RealPlatformClient updates

RealPlatformClient currently imports AgentSessionClient and calls build_thread_key. Both are removed. The updated class:

class RealPlatformClient(PlatformClient):
    def __init__(
        self,
        agent_api: AgentApi,           # replaces agent_sessions: AgentSessionClient
        prototype_state: PrototypeStateStore,
        platform: str = "matrix",
    ) -> None:

send_message() and stream_message() call agent_api.send_message(text) directly — no thread_key needed.

platform-agent origin/main: what changes (verified)

Our patch 1dca2c1 added thread_id query param handling to external/platform-agent/src/api/external.py. On origin/main, the process_message() function does NOT use thread_id — it calls agent_service.astream(msg.text) without thread_id. The WS URL becomes simply ws://host:port/agent_ws/ — no query params.

Existing command registration pattern (verified)

# adapter/matrix/handlers/__init__.py — register_matrix_handlers()
dispatcher.register(IncomingCommand, "new",      make_handle_new_chat(client, store))
dispatcher.register(IncomingCommand, "settings", handle_settings)
dispatcher.register(IncomingCallback, "confirm", make_handle_confirm(store))

Handler signature (all existing handlers follow this):

async def handle_X(
    event: IncomingCommand,
    auth_mgr,
    platform,
    chat_mgr,
    settings_mgr,
) -> list[OutgoingEvent]:

New context commands need access to agent_api (for !save, !load) and store (for !context, !load pending state). Pattern: use make_handle_X(agent_api, store) closures — same as make_handle_new_chat(client, store).

!load pending state pattern (verified)

Existing PENDING_CONFIRM_PREFIX = "matrix_pending_confirm:" in adapter/matrix/store.py.

New key for load pending state:

LOAD_PENDING_PREFIX = "matrix_load_pending:"

def _load_pending_key(user_id: str, room_id: str) -> str:
    return f"{LOAD_PENDING_PREFIX}{user_id}:{room_id}"

Stored data structure:

{
    "saves": [{"name": "my-save", "ts": "2026-04-16T12:00:00Z"}, ...],
    "display": "1. my-save (2026-04-16)\n2. other..."
}

The numeric input 1, 2, etc. is intercepted in MatrixBot.on_room_message() BEFORE dispatching as IncomingMessage — check if load_pending exists for this user+room, resolve to save name, dispatch the load command internally.

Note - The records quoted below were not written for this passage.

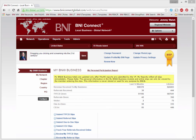Hello everyone, my name is Jeremy Walsh and I'm the Director of Support for BNI Connect. Today I'd like to show you how you can embed a video in your profile. The video will appear in all of the profile locations: on the regional website, the chapter website, the national website, and on the members only directory within BNI Connect.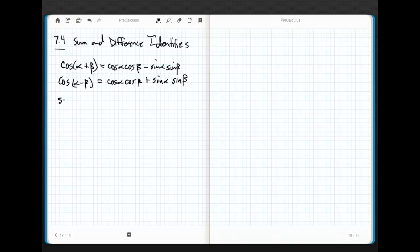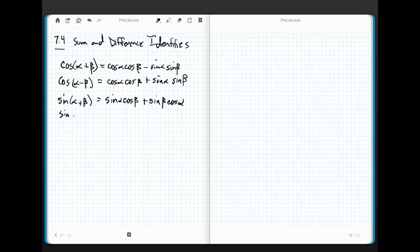If I want to do sine of alpha plus beta, this one's a little bit different. This one is sine alpha cos beta plus sine beta cos alpha. And then if I want to do the difference — sine of alpha minus beta — then this becomes sine alpha cos beta minus sine beta cos alpha.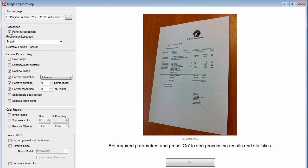Decide if you want to perform character recognition or not. In this case, we will. Pick the various preprocessing options you want. In this case, we're going to crop the image along with these other settings.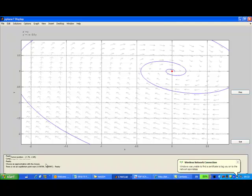All right. So this is an illustration of how to use the program pplane.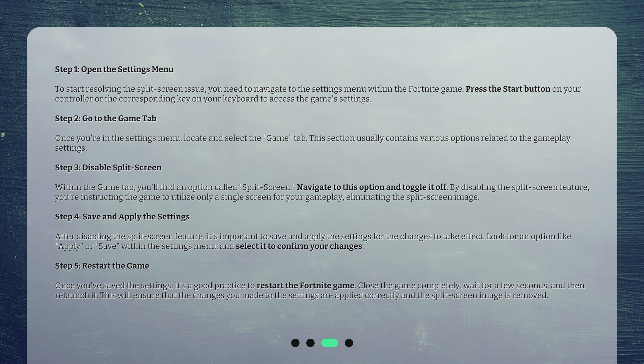Step 2: Go to the Game tab. Once you're in the Settings menu, locate and select the Game tab. This section usually contains various options related to the gameplay settings.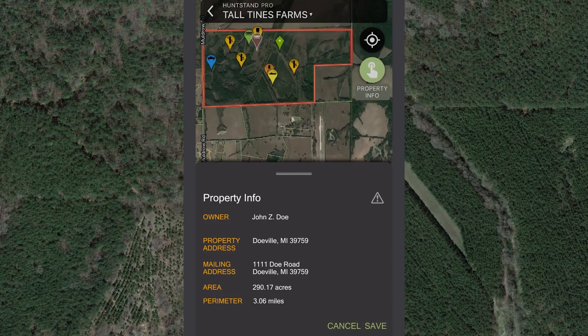HuntStand Pro subscribers have unlimited access to the property info layer on HuntStand. View owner information, see property boundaries, and easily save those boundaries to your hunt areas with just a few taps.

Alternative (recommended): Handle numeric input in the IncomingMessage handler via a pre-dispatch interceptor, or register a special numeric-input check in the dispatcher for messages that are pure integers.

!reset confirmation dialog pattern

!reset reuses the OutgoingUI + pending_confirm mechanism or a simpler custom state. Since the dialog options are !yes, !save имя, !no (not just yes/no), it cannot reuse pending_confirm directly without extension.

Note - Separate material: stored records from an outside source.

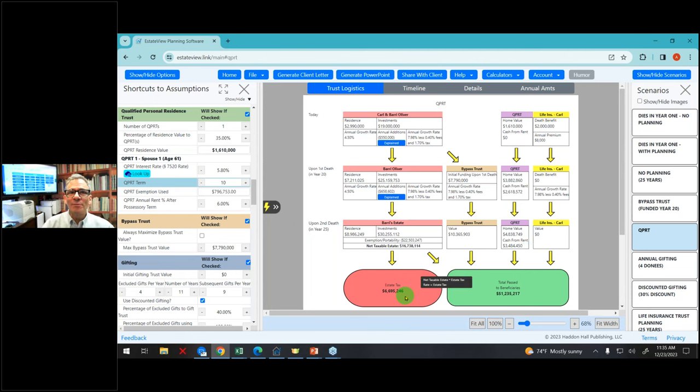So now we will go to the installment sale. Before the installment sale, these people are at $7 million and the total passing to beneficiaries is $50 million. Let's look at doing an installment sale. I click on installment sale and it takes me to the installment sale module, which starts with a purple line. I'm showing quite a large installment sale.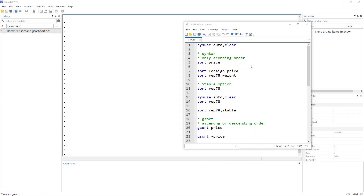In today's video we are going to talk about how to sort data in ascending and descending order in Stata. Particularly, we are going to talk about the sort command and the gsort command. Let's get started.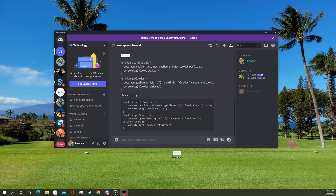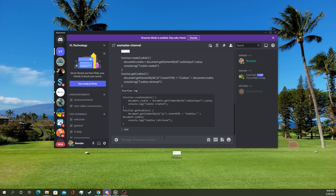In today's video, we're going to be showing you how to use block quotes on Discord. Now, if you don't know what a block quote looks like, it looks something like this. You can see the message is tabbed in slightly, and it's got that little bar there.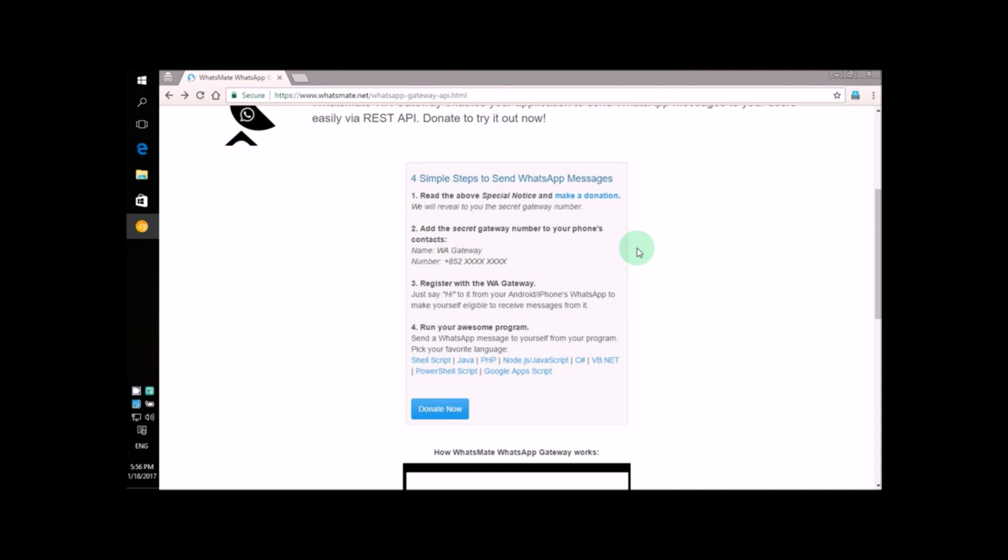In this video, I'm going to show you how you can use the sample VB code to send WhatsApp messages to registered people like yourself.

Simplest approach: store reset_pending:{user_id}:{room_id} key (boolean) and check for !yes/!no/!save commands from the IncomingCommand dispatcher when reset_pending is set.

saved sessions storage in PrototypeStateStore

New dict attribute on PrototypeStateStore:

self._saved_sessions: dict[str, list[dict]] = {}
# Key: matrix_user_id
# Value: [{"name": "my-save", "created_at": "2026-04-16T12:00:00Z"}, ...]

Methods to add:

async def add_saved_session(self, user_id: str, name: str) -> None: ...
async def list_saved_sessions(self, user_id: str) -> list[dict]: ...

!context tokens_used tracking

MsgEventEnd.tokens_used: int is available from server.py. Since AgentApi.send_message() drops it, the planner must decide how to surface it. Recommended: store in PrototypeStateStore as _last_tokens_used: dict[str, int] keyed by user_id, updated after each successful agent response in RealPlatformClient.

Prompts for !save / !load (Claude's Discretion)

# !save
SAVE_PROMPT = (
    "Summarize our conversation and save to /workspace/contexts/{name}.md. "
    "Reply only with: Saved: {name}"
)

# !load
LOAD_PROMPT = (
    "Load context from /workspace/contexts/{name}.md and use it as background "
    "for our conversation. Reply: Loaded: {name}"
)

Auto-name format (Claude's Discretion): context-{YYYYMMDD-HHMMSS} (UTC, no spaces, no special chars, safe as filename).

POST /reset endpoint

Confirmed absent in origin/main platform-agent. Only endpoint is GET /agent_ws/ (WebSocket). The main.py has no HTTP routes beyond what FastAPI provides by default (/docs, /openapi.json).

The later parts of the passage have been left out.